* _PROVIDED RECORDS_

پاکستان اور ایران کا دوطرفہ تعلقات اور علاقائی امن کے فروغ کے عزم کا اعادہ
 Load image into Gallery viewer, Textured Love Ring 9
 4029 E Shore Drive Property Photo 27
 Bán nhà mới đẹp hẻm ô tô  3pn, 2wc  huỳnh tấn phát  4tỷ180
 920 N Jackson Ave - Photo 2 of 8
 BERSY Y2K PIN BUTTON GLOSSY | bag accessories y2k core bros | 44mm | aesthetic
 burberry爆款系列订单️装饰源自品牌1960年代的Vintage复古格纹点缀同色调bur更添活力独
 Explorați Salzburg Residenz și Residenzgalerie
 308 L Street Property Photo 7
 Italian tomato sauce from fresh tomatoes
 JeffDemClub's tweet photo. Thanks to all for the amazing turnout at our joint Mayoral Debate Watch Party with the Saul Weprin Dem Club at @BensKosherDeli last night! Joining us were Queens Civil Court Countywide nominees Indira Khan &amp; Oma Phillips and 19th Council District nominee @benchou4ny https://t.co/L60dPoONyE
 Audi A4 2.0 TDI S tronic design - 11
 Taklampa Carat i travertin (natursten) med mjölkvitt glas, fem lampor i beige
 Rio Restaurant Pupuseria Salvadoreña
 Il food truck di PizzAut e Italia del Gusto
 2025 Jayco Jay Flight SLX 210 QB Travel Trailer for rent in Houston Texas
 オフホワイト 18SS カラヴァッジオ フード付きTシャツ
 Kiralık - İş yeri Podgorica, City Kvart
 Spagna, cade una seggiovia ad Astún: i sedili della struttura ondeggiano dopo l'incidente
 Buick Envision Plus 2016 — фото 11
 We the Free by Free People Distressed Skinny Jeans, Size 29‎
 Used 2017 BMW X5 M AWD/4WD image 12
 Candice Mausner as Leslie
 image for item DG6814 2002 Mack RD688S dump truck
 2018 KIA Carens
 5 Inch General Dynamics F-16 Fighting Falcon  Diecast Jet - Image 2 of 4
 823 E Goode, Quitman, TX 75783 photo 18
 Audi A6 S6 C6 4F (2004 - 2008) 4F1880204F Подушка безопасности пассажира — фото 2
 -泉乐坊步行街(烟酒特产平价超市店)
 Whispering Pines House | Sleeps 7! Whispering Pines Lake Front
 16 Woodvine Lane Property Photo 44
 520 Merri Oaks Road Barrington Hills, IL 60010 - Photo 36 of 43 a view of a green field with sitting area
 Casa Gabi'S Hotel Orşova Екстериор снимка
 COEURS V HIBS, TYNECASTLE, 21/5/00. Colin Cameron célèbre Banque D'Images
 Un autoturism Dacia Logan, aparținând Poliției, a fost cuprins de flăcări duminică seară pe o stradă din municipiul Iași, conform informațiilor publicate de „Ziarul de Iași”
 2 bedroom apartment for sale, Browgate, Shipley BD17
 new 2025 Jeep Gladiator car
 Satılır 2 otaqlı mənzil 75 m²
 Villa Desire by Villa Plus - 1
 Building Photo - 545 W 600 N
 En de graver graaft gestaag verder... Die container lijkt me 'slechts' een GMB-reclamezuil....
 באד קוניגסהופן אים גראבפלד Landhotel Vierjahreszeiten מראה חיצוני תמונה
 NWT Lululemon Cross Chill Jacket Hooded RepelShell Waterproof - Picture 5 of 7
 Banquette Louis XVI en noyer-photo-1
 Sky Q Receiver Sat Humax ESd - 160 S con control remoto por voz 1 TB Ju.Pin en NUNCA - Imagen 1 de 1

* _INSTRUCTIONS TO FOLLOW_
Please return the lines above exactly, from the first one down to the line with "Italian tomato sauce from fresh tomatoes", and stop after that line.

* _YOUR SOLUTION_
پاکستان اور ایران کا دوطرفہ تعلقات اور علاقائی امن کے فروغ کے عزم کا اعادہ
 Load image into Gallery viewer, Textured Love Ring 9
 4029 E Shore Drive Property Photo 27
 Bán nhà mới đẹp hẻm ô tô  3pn, 2wc  huỳnh tấn phát  4tỷ180
 920 N Jackson Ave - Photo 2 of 8
 BERSY Y2K PIN BUTTON GLOSSY | bag accessories y2k core bros | 44mm | aesthetic
 burberry爆款系列订单️装饰源自品牌1960年代的Vintage复古格纹点缀同色调bur更添活力独
 Explorați Salzburg Residenz și Residenzgalerie
 308 L Street Property Photo 7
 Italian tomato sauce from fresh tomatoes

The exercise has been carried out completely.